In by admin

Name Mr. Dylan Anstine
Organization or Institution University of Florida
Presentation Type Poster
Topic Computational Chemistry

Computational mechanical testing of amorphous polymers


Dylan Anstine and Coray M. Colina

Author Institution(s)

1 Department of Materials Science and Engineering, University of Florida, Gainesville, FL 32611
2 Department of Chemistry, University of Florida, Gainesville, FL 32611


Amorphous polymers are materials that are found extensively in many industrial applications, including their use for structural and material coatings. However, for coatings applications usually thin films are required, making their characterization by experimental and computational means challenging. For atomistic simulations a lack of significant periodic order presents difficulties in generating the initial structure for computational testing and analysis. In this work, three different in silico polymerization methodologies were utilized to generate an array of different initial amorphous polymer structures. The polymer samples studied were poly(methyl methacrylate), poly(propylene), and polymer of intrinsic microporosity-1.The modeling analysis was further expanded through the application of two different common polymer force fields: Dreiding and GAFF. Large polymeric samples of ~50,000 atoms were required for this work in order to increase the accuracy of computationally determined elastic moduli.
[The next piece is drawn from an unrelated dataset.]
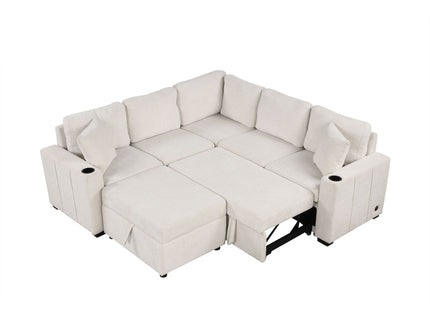 Sectional Sofa Convertible Pull-Out Sofa Bed With A Movable Storage Ottoman For Living Room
After validation of the thermodynamic and structural properties of the samples, non-equilibrium molecular dynamics simulations were employed to perform simulated mechanical testing. Stress-strain plots were generated from the result of tensile tests that were performed through the application of simulated uniaxial strain. The results of this work demonstrate the complexity involved in simulating amorphous polymeric materials, the advantages of different in silico polymerization approaches, and the ability of non-equilibrium molecular dynamics simulations to yield data for mechanical testing if sufficiently large samples are evaluated.